The larger the degree of a Taylor polynomial, the better it approximates the function. See that in action with sin(x) and its Taylor polynomials. Created by Sal Khan.

## Want to join the conversation?

- So we can approximate any function using Taylor expanison and derive it's polynomial representation.

Is it possible to approximate any function using a formula of sine curves?(40 votes)- yes. Look into the Fourier series. it has a lot of applications like electrical engineering. the wikipedia page has snapshots of how the sum of sine functions can add up to a sawtooth wave, square wave or whatever...(54 votes)

- I think I get how the Taylor/Maclaurin series works, so can somebody tell me if my thinking is correct:

The infinite series works because we build into the polynomial an infinite chain of derivatives of the original function. It gives the value of the function at a certain point, and also the rate the function is changing at that point (1st der.), and also the way that change is changing (2nd der.), and the way that the change that changes the rate of change is changing (3rd der.), ad infinitum, so that we essentially have a "seed" that gives us the entire function just from that point.

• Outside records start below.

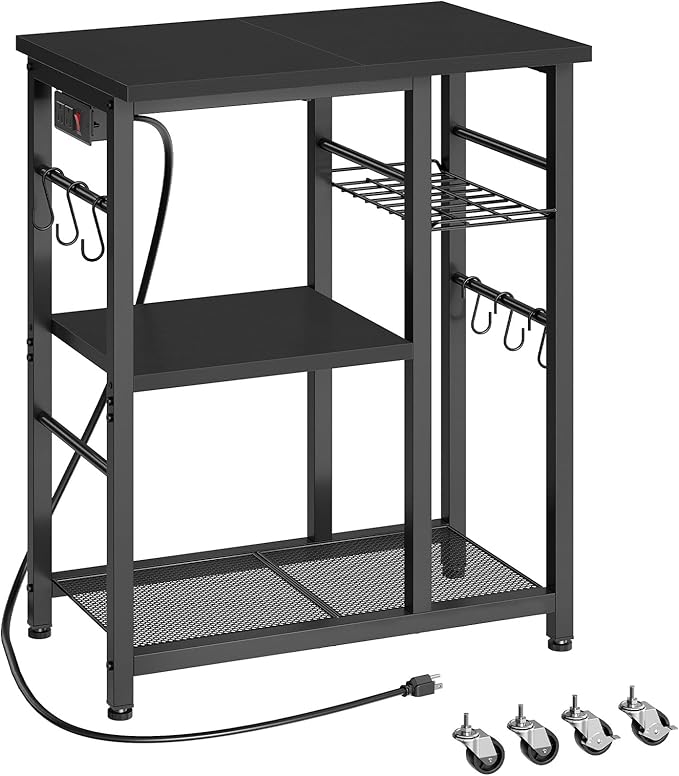 YATINEY Movable Bakers Rack, Microwave Stand with Charging Station, Kitchen Storage Rack with Hooks and Basket, Casters and Adjustable Feet, for Small Space, Kitchen, Dining Room, Black HB04UBB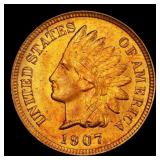 1907 Indian Cent . 1c Grades ms64 rd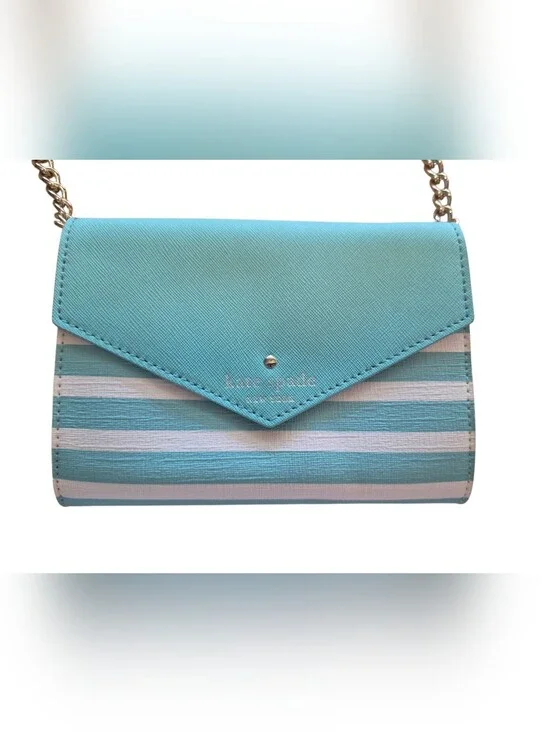 Kate Spade New York Fairmont Mint/Cream Stripe Detachable Strap Small Crossbody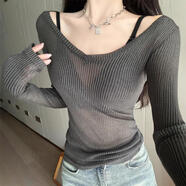 小野七天V領(lǐng)防曬長(cháng)袖t恤女夏秋美式修身早秋微透辣妹罩衫純欲上衣打底衫 V領(lǐng)罩衫【深灰M】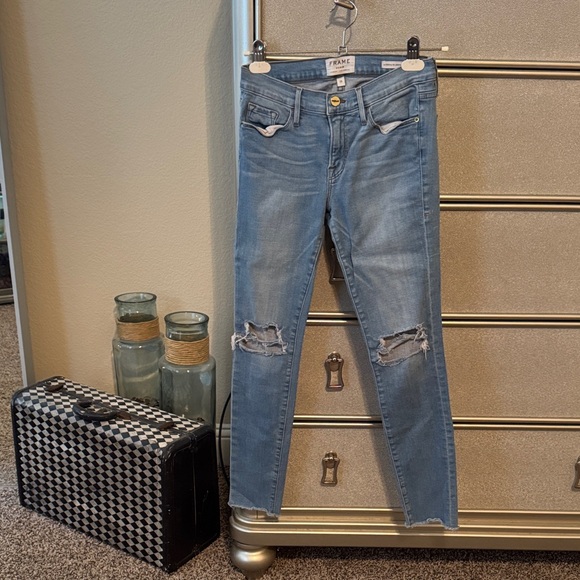 Frame Denim Denim - Frame Denim Women's Light Blue Ripped Skinny Jeans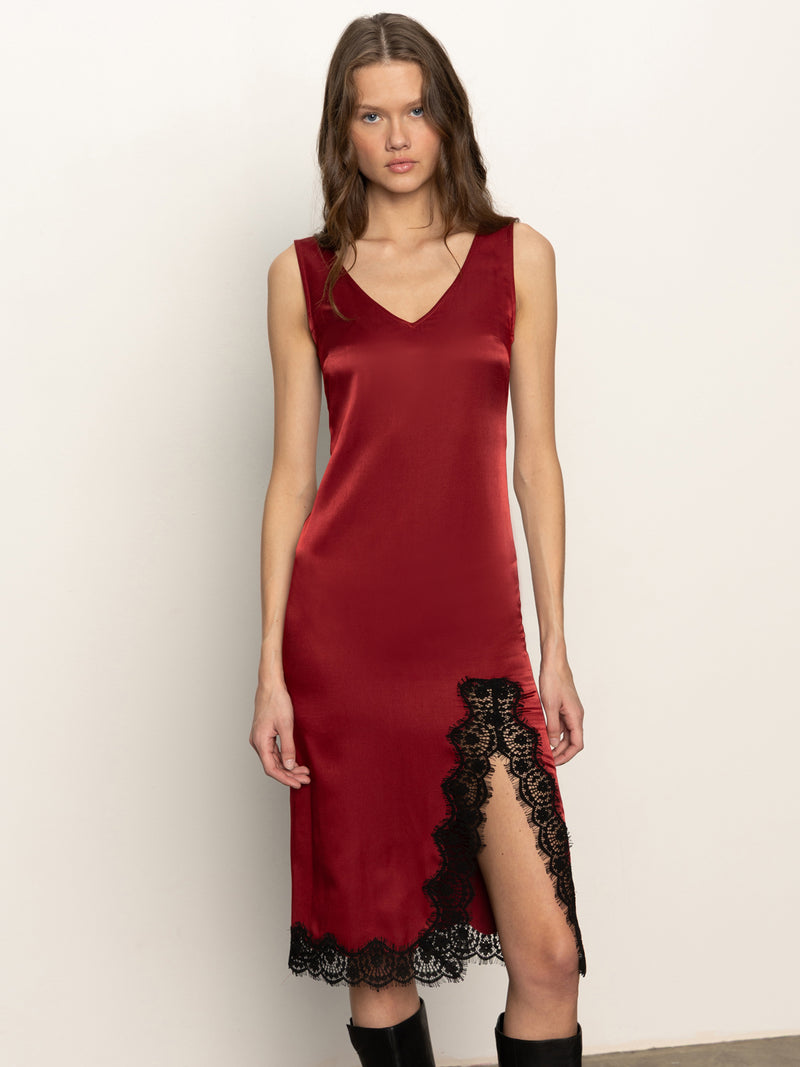 Revenge Midi Satin Dress Crimson alt 1
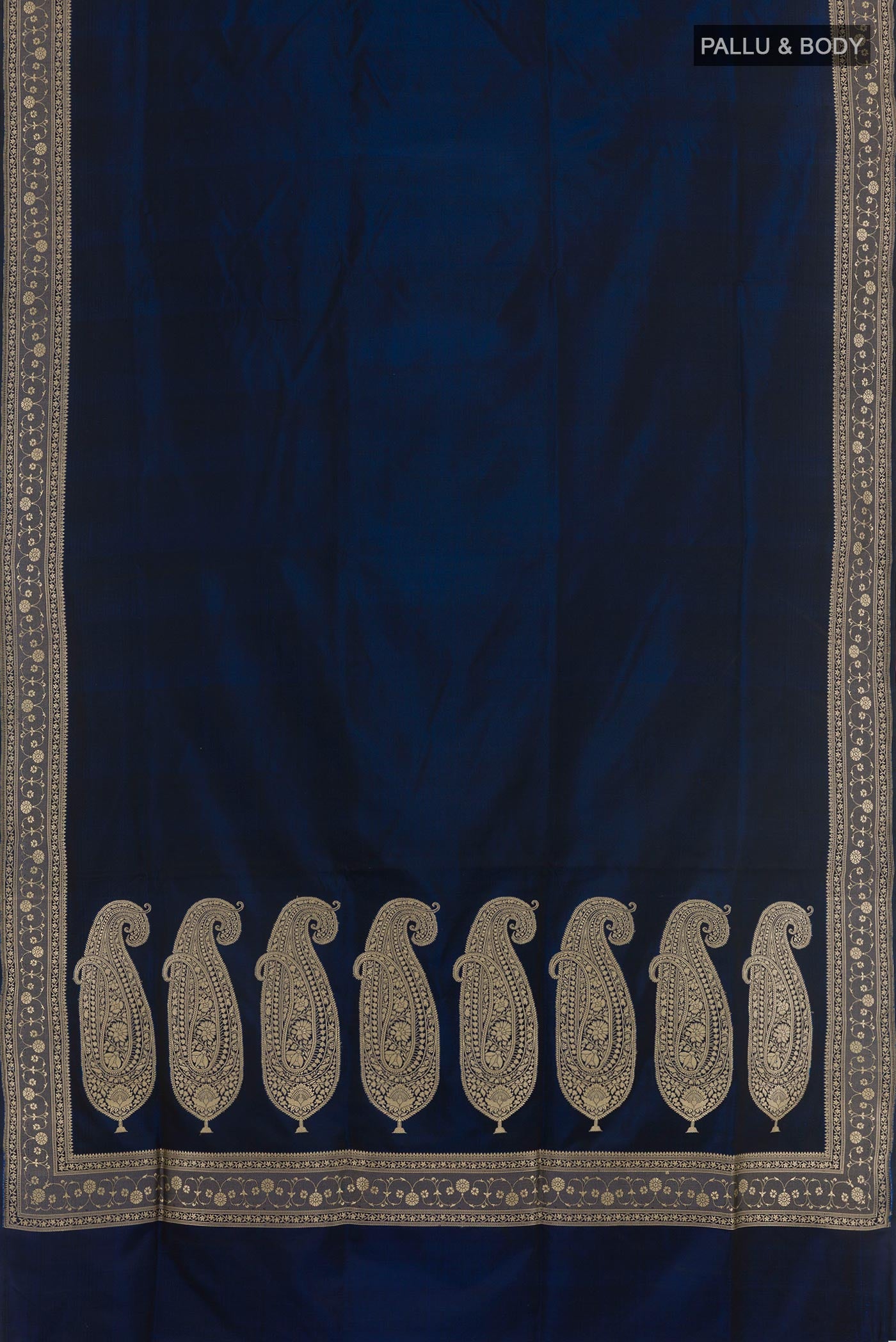 Flat view of Dark Blue Banarasi Silk Saree with Plain Body and Zari Border. 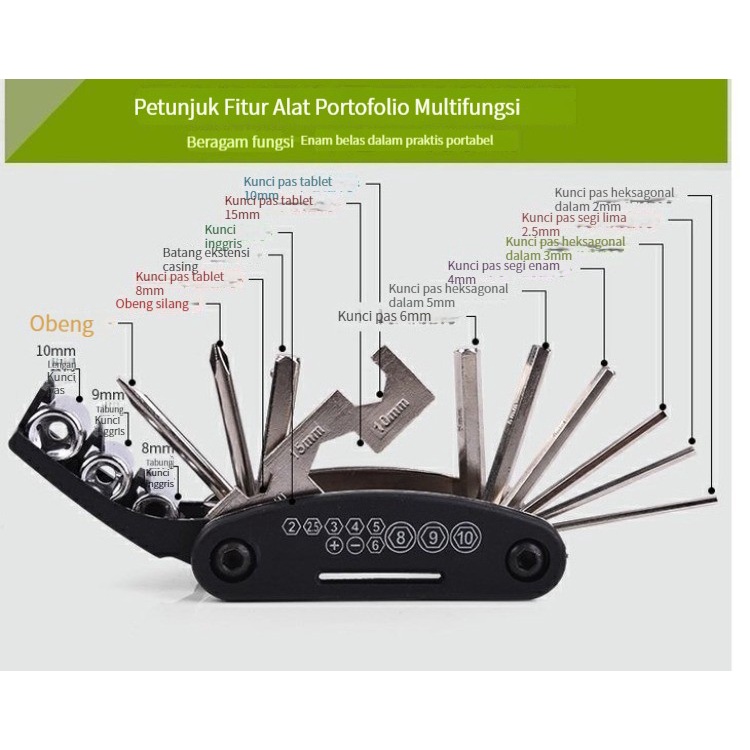 (Stok tersedia, dikirim dari Jakarta) Sepeda gunung alat perbaikan mini portabel alat kombinasi perbaikan kunci hex rumah multifungsi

Am I thinking along the right lines?(39 votes)- Yes, that's basically how the Maclaurin and Taylor series work. Good job on figuring that out!(21 votes)

- I found something quite interesting : If you take the Maclauren series of sin(x) with a finite polynomial, then whatever how small the coefficients are, for a very big x, the biggest power will overcome the others, and p(x) begin to be very big and is going really far away from sin(x). However, if we take only the first approximation, we get p(x)= 0, which is never further than 1 from sin(x) for any x. Isn't it counter-intuitive?(7 votes)
- Maybe we can think of this as the cost of being more precise in the center of the function.

For example, imagine you are trying to get a wire to fit along ripples on a beach. Each time you put a bend in the wire (add a term to the polynomial) you cause the end of the wire to move further away from the surface of the sand ...

I'll stop this analogy now, before everyone gets too bent out of shape ...(6 votes)

- Why is it that by using the values of the function and its derivatives at zero, we can obtain an approximation of the function at values other than zero? Are the other values of the function somehow "encoded" in the behavior of the curve at x = 0? I can see how that would be the case for simple functions like lines and parabolas, but does that continue to hold for more complex functions? For arbitrary functions?

In a piecewise function, I can see that this method will fail (I imagine a function that is equal to sin(x) at zero but is something entirely different at other values of x), so there are clearly restrictions on the types of functions for which Taylor/MacLaurin series can be taken. Is it simply a requirement that the function be continuous and differentiable?(6 votes)- For this to work, the function must be continuous and you must be able to differentiate it infinitely many times.

There is nothing special about x=0, it is just easier to calculate. You can use any value of x in the domain for a Taylor series.(4 votes)

- How come I cant find any videos about taylor series and taylor polynomials involving 2 variables f(x,y)? Im sure this has been covered, and some help to find these videos would be highly appreciated. If that is not the case, maybe requesting this is not such a bad idea. Thank you.(8 votes)
- Look for information involving applying "Taylor's theorem" to "multivariate functions". I don't know if Sal has done any videos there but it would involve partial derivitives and gradients to approximate the surface. I'm not familair with this, but it's not immediately clear to me that you could approximate a function of N variables using polynomials (or some other N-dimensional building block --what?) but those are some search terms for you. Hope it helps.(5 votes)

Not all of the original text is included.